For each \({\text{MnO}}_{4}^{ - }\) complex in the cell we constructed five linear combinations of the 12 O-p orbitals in such a way, that every such set transforms according to the same irreducible representation of the Mn-ion point group Td as one of the Mn-d orbitals. Consequently, we have got the five pairs of d- and p-type orbitals that are mostly hybridized (within the pair) by symmetry. Corresponding 10 orbitals will form chemical bonding within the \({\text{MnO}}_{4}^{ - }\) cluster. Additionally, we constructed another 7 linear combinations of the O-p orbitals that are orthogonal to the five linear combinations described above. These 7 orbitals represent the non-bonding oxygen states of the \({\text{MnO}}_{4}^{ - }\) cluster.

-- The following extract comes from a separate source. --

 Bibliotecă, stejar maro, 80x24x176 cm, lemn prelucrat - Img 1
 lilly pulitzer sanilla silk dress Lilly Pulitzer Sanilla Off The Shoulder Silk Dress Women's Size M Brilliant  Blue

In this way we have separated full 17-dimensional linear space of d-Mn and p-oxygen orbitals of \({\text{MnO}}_{4}^{ - }\) ion into two orthogonal subspaces: 7-dimensional non-bonding oxygen orbital subspace and 10-dimensional subspace responsible for chemical bonding in this system. The first orbitals subspace forms a set of non-bonding bands between –4 eV and –1 eV (see Figs. 2 and 3) and the second one forms bonding bands at –5 eV and antibonding ones from \(1\) to 3 eV.

Those 17 orbitals were used to build 17 WFs that describe all occupied and empty energy bands, i.e., all bands within the \([ - 6;4]{\kern 1pt} \) eV energy interval corresponding to (MnO4) ion. The separation of the electron states into bonding and non-bonding subspaces is clear (Figs. 2 and 3). We have calculated within this new basis the Hamiltonian matrix and the occupation matrix (see Appendix where we have omitted not essential for our analysis non-bonding states terms). These 10 × 10 matrices, due to the presence of the rather high symmetry of the \({\text{MnO}}_{4}^{ - }\) tetrahedra, could be constructed by doubly degenerate 2 × 2 matrices describing interaction of the Mn-\({{e}_{g}}\) states with the O‑p bonding orbital and triply degenerate 2 × 2 matrices for the Mn-\(t2g\) states and the corresponding O‑p bonding orbitals

$$H_{{ij}}^{{{{e}_{g}}}} = \left( {\begin{array}{*{20}{c}} {0.59}&{ - 2.97} \\ { - 2.97}&{0.9} \end{array}} \right),\quad Q_{{ij}}^{{{{e}_{g}}}} = \left( {\begin{array}{*{20}{c}} {0.53}&{0.5} \\ {0.5}&{0.48} \end{array}} \right),$$
$$H_{{ij}}^{{{{t}_{{2g}}}}} = \left( {\begin{array}{*{20}{c}} {1.49}&{ - 3.90} \\ { - 3.90}&{1.56} \end{array}} \right),\quad Q_{{ij}}^{{{{t}_{{2g}}}}} = \left( {\begin{array}{*{20}{c}} {0.51}&{0.5} \\ {0.5}&{0.5} \end{array}} \right).$$

This means that a 10 × 10 dimensional bonding orbital space is essentially formed by five orthogonal 2 × 2 dimensional subspaces. Every one of them can be described by the simple model Eq. (17). Diagonalizing those Hamiltonian matrices one obtains eigenvalues 3.72 and –2.23 for \({{t}_{{2g}}}\) states and 5.48 and –2.43 for \({{e}_{g}}\) states that corresponds perfectly with position of bonding and antibonding bands of Fig. 3. The corresponding occupations matrices give \({{Q}_{2}}\) and \({{Q}_{1}}\) values very close to 0.5 and their difference \({{Q}_{2}} - {{Q}_{1}}\) is nearly zero. That means almost completely prefect covalent bond for \({\text{MnO}}_{4}^{ - }\) ions and practical absence of the ionic contribution to the bonding. The value of \(t{\text{/}}\Delta E\) is equal 0.10 for \({{e}_{g}}\) states and 0.02 for \({{t}_{{2g}}}\) states. That agrees well with our conclusion of nearly pure covalent bond in \({\text{MnO}}_{4}^{ - }\) ion.

To summarize, we have calculated electronic structure for KMnO4 compound with formally seven valency Mn ion and analyzed the results with WF formalism. We have found the chemical bond in \({\text{MnO}}_{4}^{ - }\) complex being nearly of perfect covalent type with practically no presence of ionic contribution. The d‑electors charge distribution for Mn atom corresponds to charge close to +2 rather than the formal ionic charge of +7.